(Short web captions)
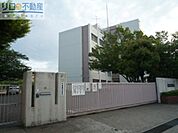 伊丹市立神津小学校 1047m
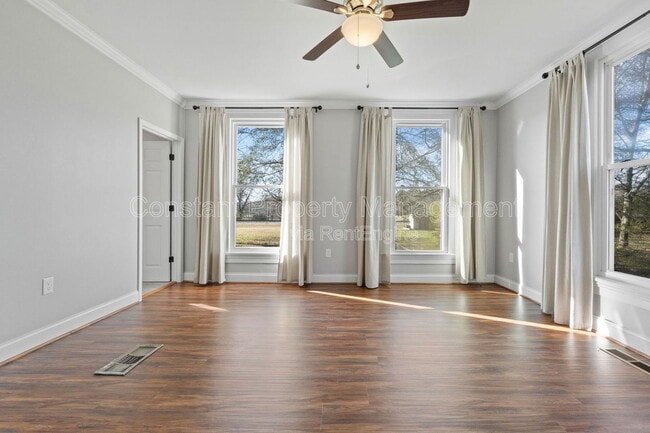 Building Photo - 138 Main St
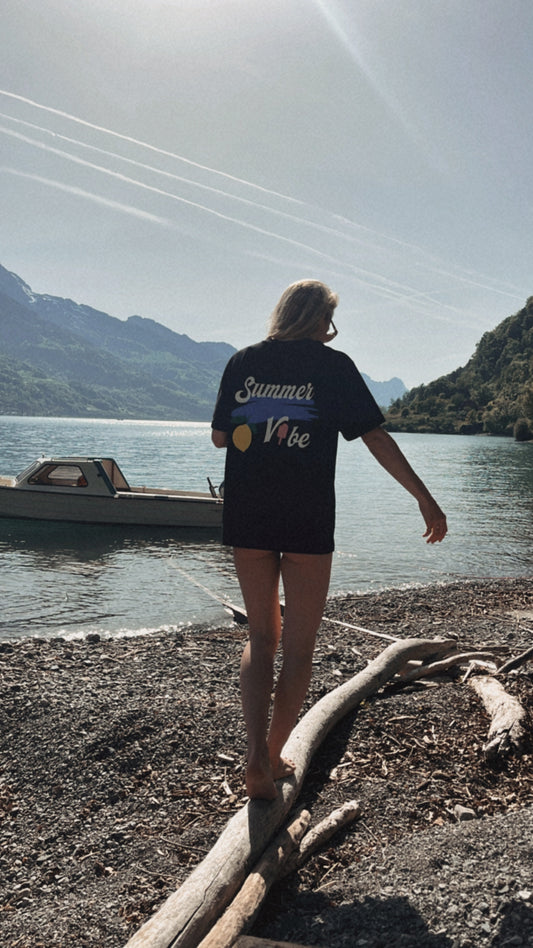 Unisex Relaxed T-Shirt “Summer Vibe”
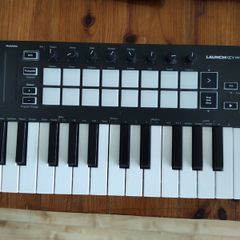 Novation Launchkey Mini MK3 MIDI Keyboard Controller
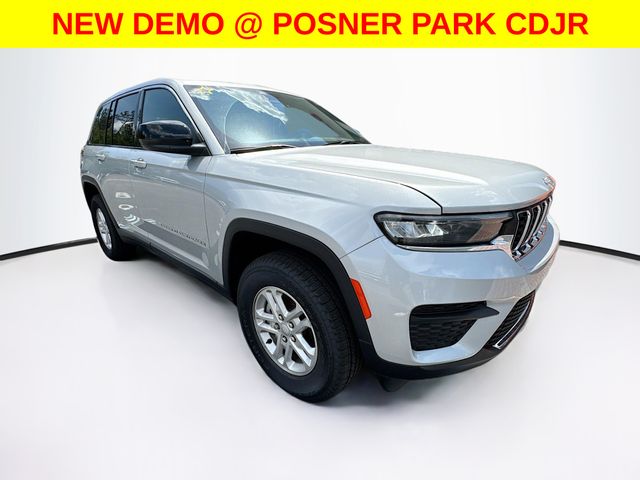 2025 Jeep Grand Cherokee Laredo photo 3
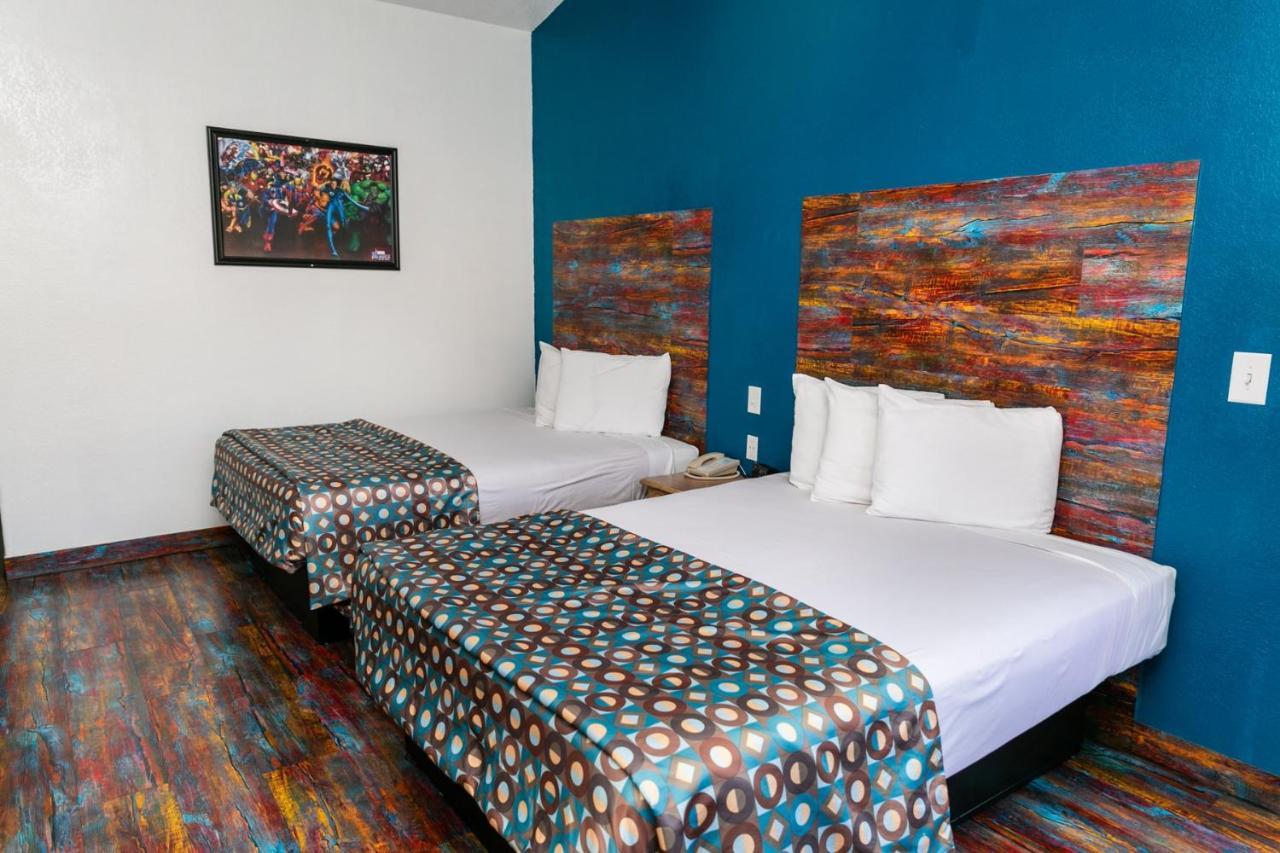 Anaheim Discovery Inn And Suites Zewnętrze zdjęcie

# TASK REQUIREMENTS
Please retype only the lines from the line that holds "Novation Launchkey Mini" through the end of the records, exactly as they stand, and drop every picture.

# ANSWER TO THE PROBLEM
 Novation Launchkey Mini MK3 MIDI Keyboard Controller
 2025 Jeep Grand Cherokee Laredo photo 3
 Anaheim Discovery Inn And Suites Zewnętrze zdjęcie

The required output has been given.